Offtake agreements are often considered the only solution for certain companies to remain in the business. Costs can only be covered through the anticipated payments of traders. Most of the landings of deep-water rose shrimp are exported to Spain. The strong reliance on this market, coupled with the fragmentation of Italian producers, has increased the leverage that Spanish buyers have on prices (Misuraca, 2018).
There is a strong regional difference in offtake arrangements. Fishing with trawl-pelagic nets is allowed in the Adriatic Sea, but it is forbidden in the Tyrrhenian Sea. As a result, while producers in the Adriatic Sea are able to ensure a stable supply, this is not the case for producers in the Tyrrhenian Sea. This, in turn, explains why there are offtake agreements in the Adriatic Sea. Regulatory differences in the different regions in Italy thus help or hamper vertical integration (Giachetta, 2018).
According to Amoroso – president of Organizzazione di Produttori della Pesca di Trapani – EU regulations in particular have proved too restrictive and have kept changing too quickly to allow small and medium sized companies to adapt their business plans and expectations to the evolving business environment. Moreover, the lack of a clear legislation on wholesale trade has discouraged the expansion of activities to other segments of the production chain. It does not make sense to invest in establishing processing plants or platforms if operators do not converge towards a common wholesale market. Additionally, the proliferation of POs – for example, in the Trapani area there are two POs working in the same fishery segment – has hampered the capacity to facilitate integration across the production chain (Amoroso, 2018). Dilello – President of Cooperativa fra Pescatori “LA SIRENA” – states that other relevant factors limiting structural vertical and horizontal integration include a fragmented and biased domestic regulatory framework, excessively restrictive and insufficiently supporting EU policies, a low degree of market organization and a weak role defined for and played by POs (Dilello, 2018). Misuraca – business consultant of Medipesca – says that historically speaking, contrary to other EU countries such as Spain, Italy has failed to develop a coherent and comprehensive vision of fishery as an economic sector. State authorities have tended to shift competences to regional authorities. This has produced fragmentation in terms of both regulation and market dynamics (Misuraca, 2018).

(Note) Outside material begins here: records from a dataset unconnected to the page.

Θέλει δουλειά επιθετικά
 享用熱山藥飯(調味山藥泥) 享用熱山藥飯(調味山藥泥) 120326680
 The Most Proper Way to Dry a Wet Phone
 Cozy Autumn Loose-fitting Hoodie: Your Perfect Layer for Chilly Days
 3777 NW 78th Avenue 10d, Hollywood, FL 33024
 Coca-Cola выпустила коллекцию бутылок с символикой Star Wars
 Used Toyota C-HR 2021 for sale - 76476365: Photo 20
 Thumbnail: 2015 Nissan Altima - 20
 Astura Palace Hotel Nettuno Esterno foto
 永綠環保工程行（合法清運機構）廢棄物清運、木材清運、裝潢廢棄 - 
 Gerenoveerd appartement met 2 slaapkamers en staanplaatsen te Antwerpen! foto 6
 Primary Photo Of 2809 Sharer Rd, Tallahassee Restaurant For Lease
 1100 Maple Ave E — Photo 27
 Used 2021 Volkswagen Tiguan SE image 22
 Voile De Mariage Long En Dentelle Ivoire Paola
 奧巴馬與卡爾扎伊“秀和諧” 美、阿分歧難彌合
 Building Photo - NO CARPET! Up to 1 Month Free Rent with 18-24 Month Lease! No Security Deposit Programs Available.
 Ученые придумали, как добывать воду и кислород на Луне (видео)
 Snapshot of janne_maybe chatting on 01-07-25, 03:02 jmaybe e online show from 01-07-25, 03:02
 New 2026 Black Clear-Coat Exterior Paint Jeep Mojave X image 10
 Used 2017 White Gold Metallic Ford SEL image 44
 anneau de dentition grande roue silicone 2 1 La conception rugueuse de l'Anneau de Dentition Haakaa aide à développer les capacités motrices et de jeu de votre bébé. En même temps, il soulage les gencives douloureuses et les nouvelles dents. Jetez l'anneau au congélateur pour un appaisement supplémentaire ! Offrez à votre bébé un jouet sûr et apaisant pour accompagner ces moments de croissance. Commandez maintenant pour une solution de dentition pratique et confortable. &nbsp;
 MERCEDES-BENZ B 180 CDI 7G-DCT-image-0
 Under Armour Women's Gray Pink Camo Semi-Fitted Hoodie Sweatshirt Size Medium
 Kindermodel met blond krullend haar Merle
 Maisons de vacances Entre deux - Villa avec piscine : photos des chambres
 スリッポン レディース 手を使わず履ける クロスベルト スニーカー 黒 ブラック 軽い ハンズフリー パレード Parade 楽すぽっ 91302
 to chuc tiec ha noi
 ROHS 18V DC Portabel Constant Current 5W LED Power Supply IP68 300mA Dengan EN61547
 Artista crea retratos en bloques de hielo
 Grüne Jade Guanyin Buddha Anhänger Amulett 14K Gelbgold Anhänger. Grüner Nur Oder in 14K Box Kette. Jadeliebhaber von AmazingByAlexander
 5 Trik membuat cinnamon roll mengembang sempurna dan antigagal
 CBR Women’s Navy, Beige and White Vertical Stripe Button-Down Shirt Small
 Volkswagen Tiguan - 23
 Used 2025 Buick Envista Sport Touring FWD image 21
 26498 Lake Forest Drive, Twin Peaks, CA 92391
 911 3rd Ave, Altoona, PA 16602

Dilello argues that the lack of integration is due to the strategic mistake on the part of the EU, which made vessel scrapping its main policy objective and financial target in the form of subsidies for vessel scrapping. He states that the sector has suffered from a serious contraction across the entire value chain. Moreover, POs have not received funding for over two years now, impairing their ability to foster integration (Misuraca, 2018).
Amoroso states that according to a recently conducted study, considering the costs that they have to support, even vessels involved in Bluefin tuna fishing have zero margins of profits. The quota system is too restrictive and too poorly managed to allow any income gains even in a sector potentially as profitable as that of Bluefin tuna (Amoroso, 2018).